BERT: Pre-training of Deep Bidirectional Transformers for Language Understanding
This work provides a foundational model for natural language processing, enabling broad improvements in tasks like question answering and inference without task-specific architectures.
BERT tackled the problem of language understanding by pre-training deep bidirectional representations from unlabeled text, achieving state-of-the-art results on eleven NLP tasks, such as an 80.5% GLUE score and 93.2 F1 on SQuAD v1.1.
We introduce a new language representation model called BERT, which stands for Bidirectional Encoder Representations from Transformers. Unlike recent language representation models, BERT is designed to pre-train deep bidirectional representations from unlabeled text by jointly conditioning on both left and right context in all layers.

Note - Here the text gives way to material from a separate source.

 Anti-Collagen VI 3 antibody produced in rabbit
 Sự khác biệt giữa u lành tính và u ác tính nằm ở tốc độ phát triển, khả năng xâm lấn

As a result, the pre-trained BERT model can be fine-tuned with just one additional output layer to create state-of-the-art models for a wide range of tasks, such as question answering and language inference, without substantial task-specific architecture modifications. BERT is conceptually simple and empirically powerful. It obtains new state-of-the-art results on eleven natural language processing tasks, including pushing the GLUE score to 80.5% (7.7% point absolute improvement), MultiNLI accuracy to 86.7% (4.6% absolute improvement), SQuAD v1.1 question answering Test F1 to 93.2 (1.5 point absolute improvement) and SQuAD v2.0 Test F1 to 83.1 (5.1 point absolute improvement).